I just passed a dad wheeling his son along the street in a pram. The dad was wearing shiny red leather trainers, red and white stripey socks and white trousers that stopped mid-calf, and a white sleeveless T-shirt. He looked more like a baby than his son, who was wearing little jeans.
The British film certification system once had an ‘X’ certificate rating certifying that everyone over sixteen – i.e.. an adult – could see the film. Then the lines about what constituted adulthood blurred. Censorship was raised to eighteen, the vote was lowered from twenty one, marriage remained at sixteen, meaning you could fight for your country or get married, but not see a horror film.
The economic downslide trapped kids at home so that Italy now has the highest age of those living with parents; the average age of those leaving home is forty. In the past, many of history’s geniuses were dead by that age.

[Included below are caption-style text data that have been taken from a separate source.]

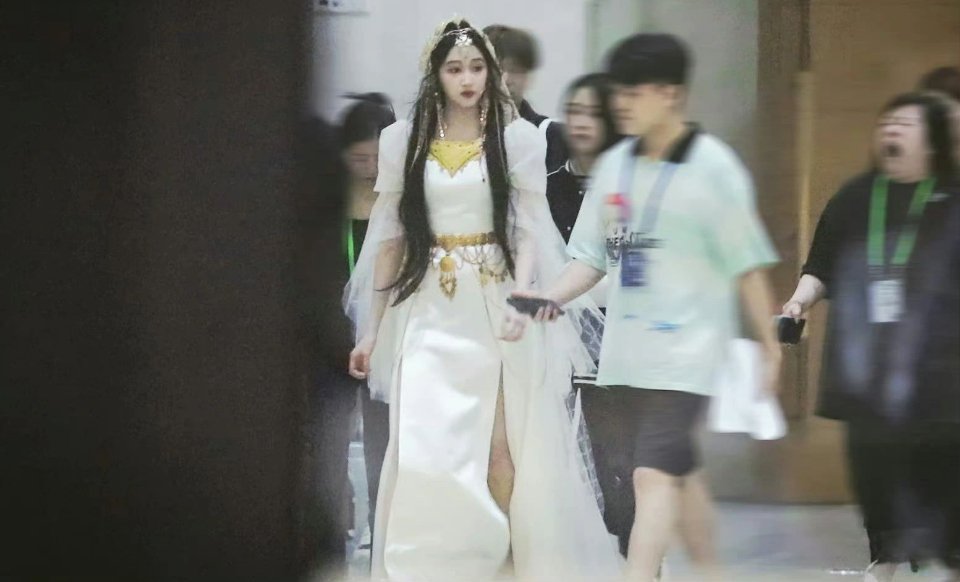 关晓彤”异域公主“造型太美了!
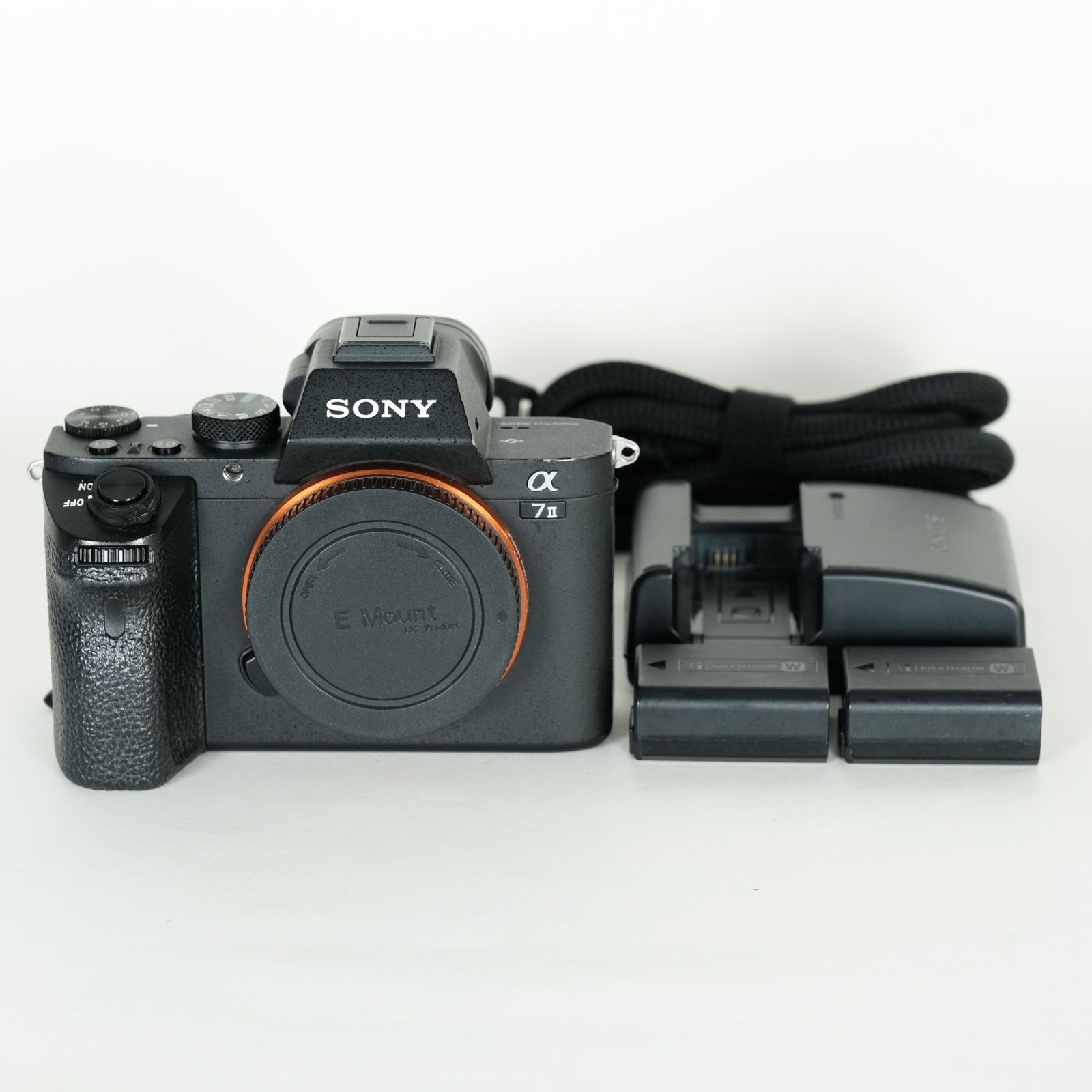 ソニーα7II 標準ズームセット　シャッター数2584と極少ほぼ新品 並品｜シャッター数23,739回｜バッテリー2個付] SONY α7 II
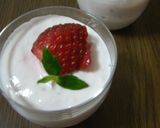 材料5つ♪簡単いちごヨーグルトムース作り方6写真
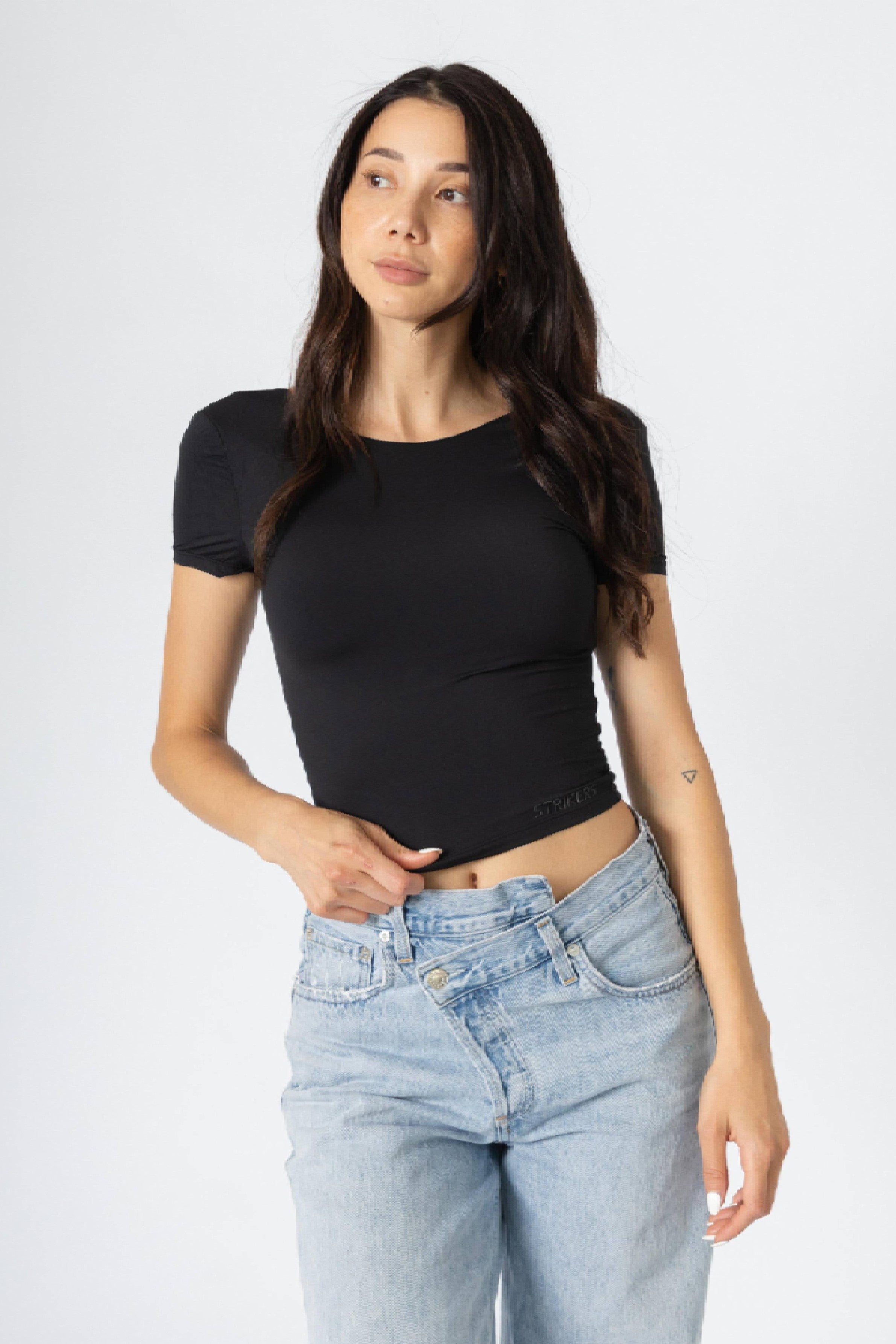 Essential Open-Back T-Shirt Black
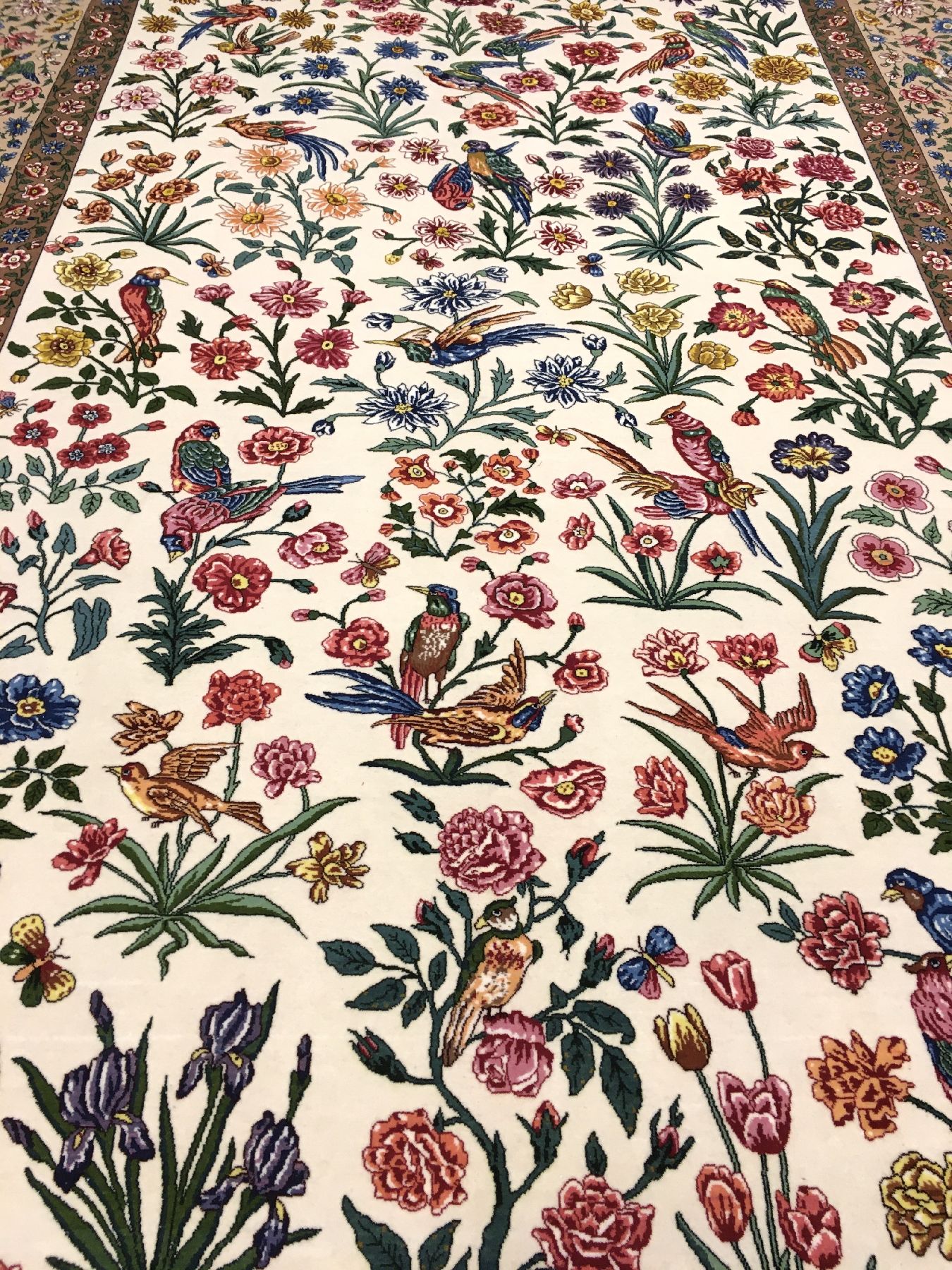 Detail e: Sehr feiner Esfahan "Mahmoud & Mohammad-Reza Seirafian" alt "Doppelsignatur" (Gol Va Bolbol Design), Zentralpersien, um 1970, ...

And it gets more complex still as fertility treatment allows late pregnancy and Viagra means late virility. So men become giant toddlers and women totter on heels in baby colours, and the concept of ‘adulthood’ is rebranded as just another playful stage of life. Is this better than the premature ageing of the past? Probably. Only a killjoy would want to return to the ‘toothless crone at thirty five’ look of old films.
Watching ‘Wonderful London’ you get to see that there’s virtually no connection now between that past and this present. Only children and buildings remind you that we’re on the same planet.